In questi momenti la velocità di condivisione del dato e dell’informazione è essenziale, così come la multicanalità. Non si può ipotizzare di avere dati ed informazioni e di condividerle solo per un canale: non solo quindi social (twitter in primis, con condivisione di hashtag) ma anche canali tradizionali, a partire dalle comunicazioni massive su periferiche mobili (cosa costerebbe ad esempio una notifica massiva su whatsapp? Oppure SMS?), e su mezzi usati da fascia d’età più avanzata (usare il digitale terrestre per diffondere informazioni utili). E qui si scopre che non esistono standard di interoperabilità delle informazioni, ogni regione ha i suoi siti con i suoi formati di comunicazione, e dal sito della protezione civile si scopre che alcune regioni ad oggi non hanno nemmeno tali dati disponibili. Attualmente la protezione civile si sta organizzando per creare delle policy “dal basso”.

L’11 novembre a Roma su iniziativa del Dipartimento della Protezione Civile è nato il tavolo di lavoro dedicato a social media e protezione civile. “Un percorso di protezione civile partecipata che rappresenta il valore aggiunto della nostra protezione civile. Al tavolo associazioni, comuni, enti di ricerca, province, università, media, giornalisti, 'iniziative' di cittadini, ricercatori”. È un primo tentativo di mettere un po’ d’ordine, ma serve ben altro per risolvere il problema alla radice.
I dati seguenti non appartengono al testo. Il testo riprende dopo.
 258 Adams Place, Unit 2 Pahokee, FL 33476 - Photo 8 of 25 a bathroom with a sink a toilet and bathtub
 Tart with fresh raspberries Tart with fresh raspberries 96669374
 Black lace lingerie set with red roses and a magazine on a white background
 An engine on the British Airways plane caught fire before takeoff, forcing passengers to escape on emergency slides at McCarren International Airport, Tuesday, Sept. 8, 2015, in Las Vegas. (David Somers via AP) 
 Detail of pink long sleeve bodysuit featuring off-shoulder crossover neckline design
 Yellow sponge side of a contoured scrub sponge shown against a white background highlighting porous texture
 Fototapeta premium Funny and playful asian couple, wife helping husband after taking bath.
Siamo il paese in cui ogni realtà locale si sviluppa la propria app per dare informazioni su meteo, emergenze, informazioni su traffico ecc. mentre è necessario definire dei protocolli su base nazionale (recependo ove disponibili standard internazionali) per consentire a chiunque di attingere a fonti di informazione primaria: non solo opendata “classico” con rilascio di archivi “storici” di informazioni, ma anche dati in tempo reale, via web services. Ad oggi invece vi è concorrenza pure tra PA per la gestione dei dati: pensiamo a Venezia dove i dati delle maree sono gestiti da un centro maree del comune, da ISPRA e da società privata, con tre misurazioni e previsioni differenti. Iniziamo a razionalizzare e ad avere il coraggio di chiudere inutili doppioni.

Diciamolo chiaramente: in Italia il modello Smart City non è mai partito. Le smart city in Italia non esistono. Fatevene una ragione. Siamo ancora dell’idea che smart city sia l’accensione automatizzata dei lampioni o posizionare un hotspot wifi che si autoalimenta dai lampioni. Siamo al punto in cui i cittadini si auto-organizzano, come a Genova, per mettere on line la mappa delle webcam per monitorare il territorio.
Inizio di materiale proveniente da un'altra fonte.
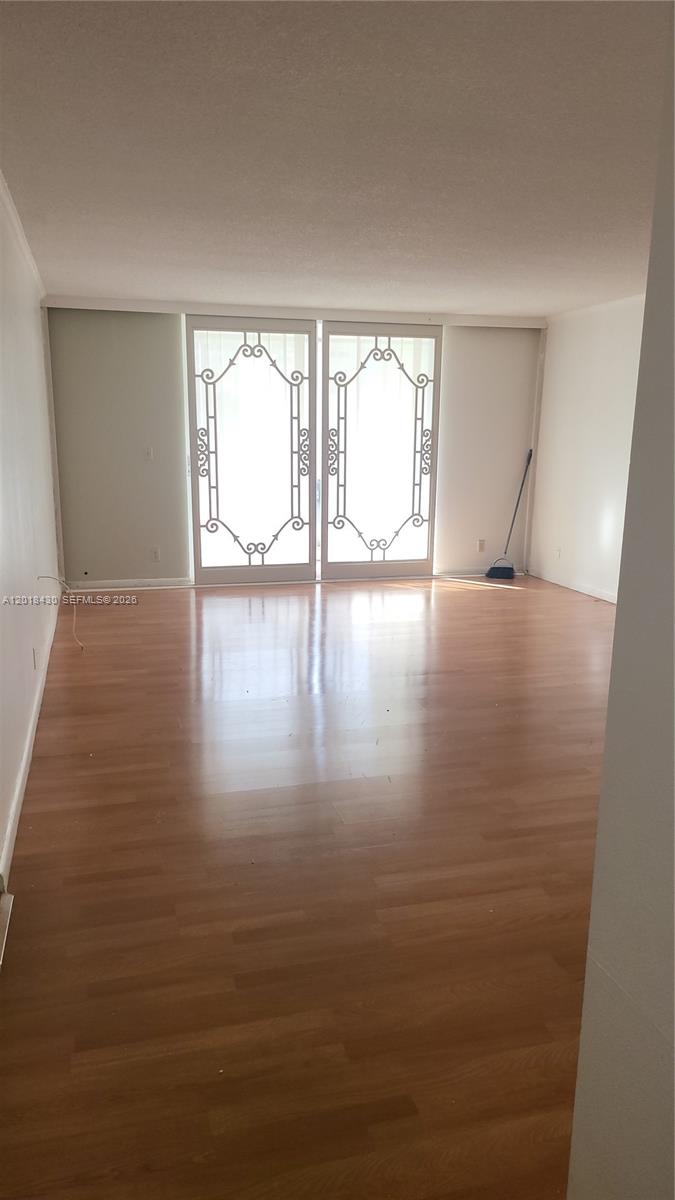 An empty room features light wood-look flooring and a large set of decorative glass doors — 1001 NE 14th Ave # 201, Hallandale Beach FL 33009, HALLANDALE BEACH, FL
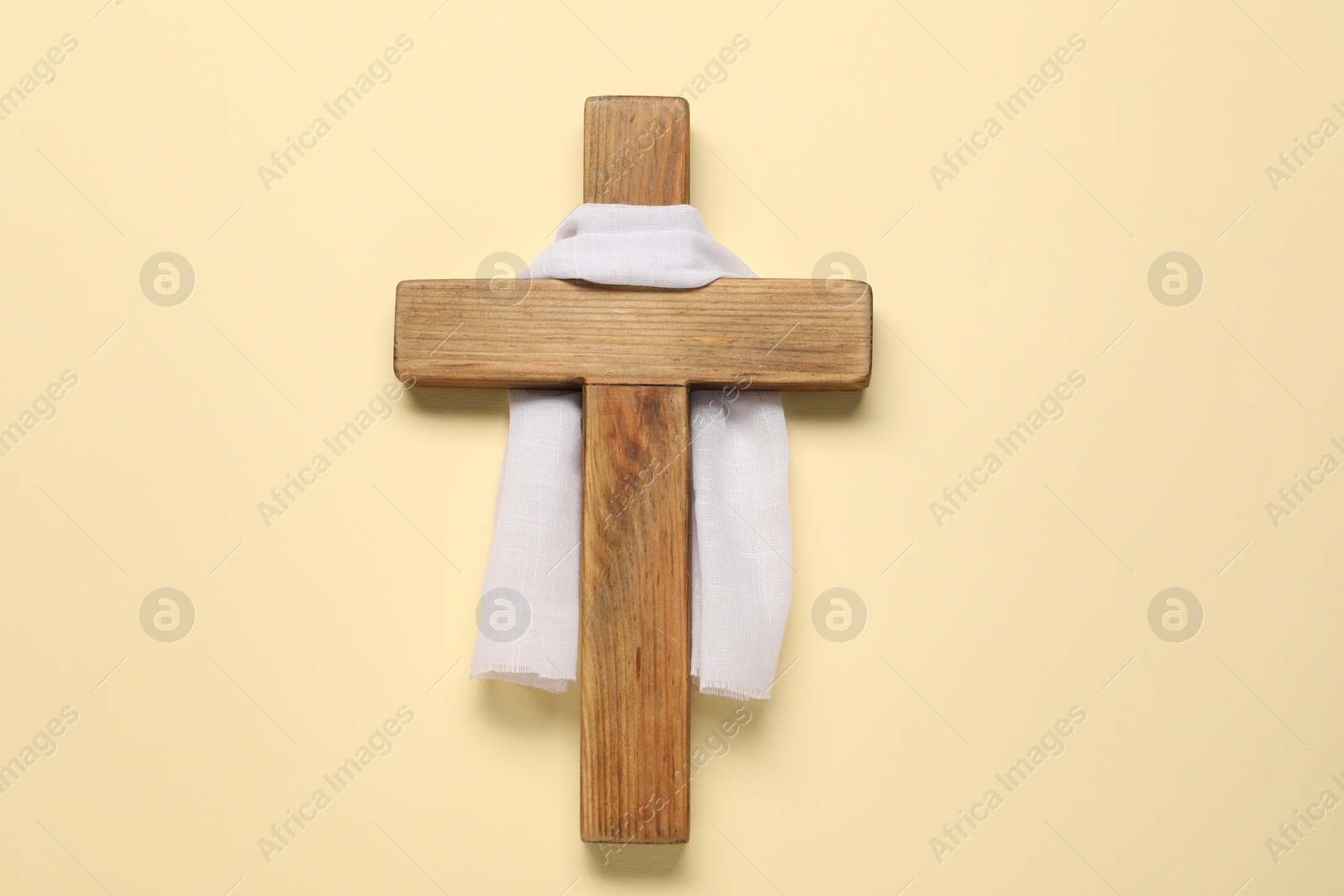 Photo of Wooden cross and white cloth on beige background, top view. Easter attributes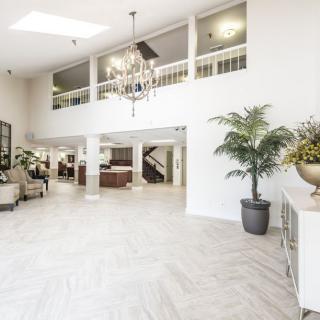 A bright and spacious modern lobby with elegant furnishings and decorative plants.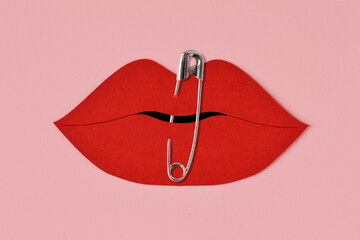Paper lips cut-out closed with safety pin - Violence against women concept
Nel DL 179/2012 il concetto di Smart City (tradotto dal legislativo come “città intelligenti”) è ben chiaro ed è necessario definire dei requisiti per garantire che qualunque oggetto “intelligente” abbia adeguata “intelligenza” per rilasciare informazioni e dati secondo degli standard (alcuni già esistenti, altri da definire). All’epoca (era l’estate del 2012) lo feci presente, in particolare per l’interoperabilità degli oggetti e dell’accessibilità delle interfacce, per garantire una multicanalità non discriminante verso taluni soggetti (esempio: informazioni visive accompagnate da informazioni acustiche per soddisfare sia persone che non vedono e/o con problemi di vista che persone sorde).

Come ho già avuto modo di scrivere, è necessario che il governo dia un forte segnale su questo tema, per evitare le ennesime iniziative-spot basate su nascita di app e/o oggettini a solo uso convegnistico o “medaglistico”. È auspicabile una legislazione nazionale che preveda la nullità di contratti di sviluppo e di acquisto di prodotti da parte delle PA ove gli stessi non utilizzino schemi ed ontologie condivise correlati agli standard.
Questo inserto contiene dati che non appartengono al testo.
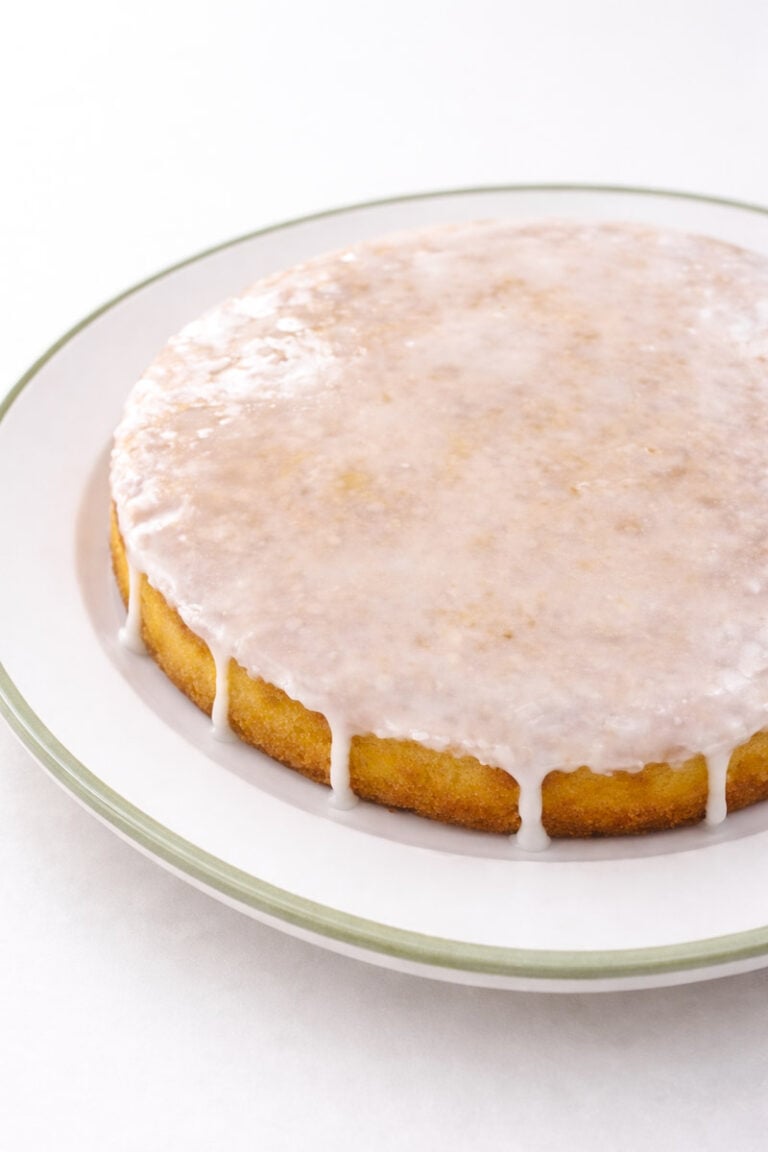 A round, golden lemon cake sits on a white plate with a green rim, topped with a smooth layer of white glaze that drips slightly over the edges.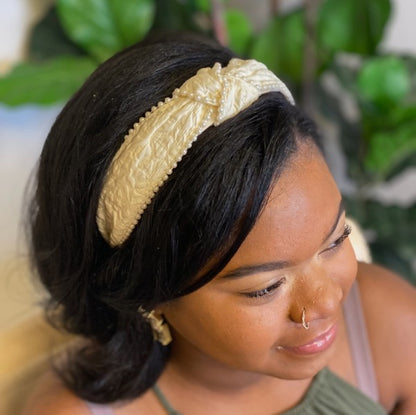 Side view of elegant pearl embellished wedding headband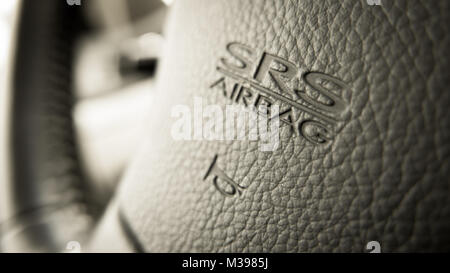 close up of Subaru SRS Airbag logo on Subaru steering wheel Stock Photo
È ben chiaro che la standardizzazione non aiuterà nell’immediato a risolvere le decennali mancanze di manutenzione ordinaria e straordinaria del territorio nazionale, ma metterà quantomeno un po’ d’ordine consentendo – a chi ha le competenze – di studiare i dati e di elaborarli perché le competenze non sono solo di chi possiede il dato, ma anche di chi venendone a conoscenza può arricchirlo. Per questo è importante il rilascio dei dati. Adesso.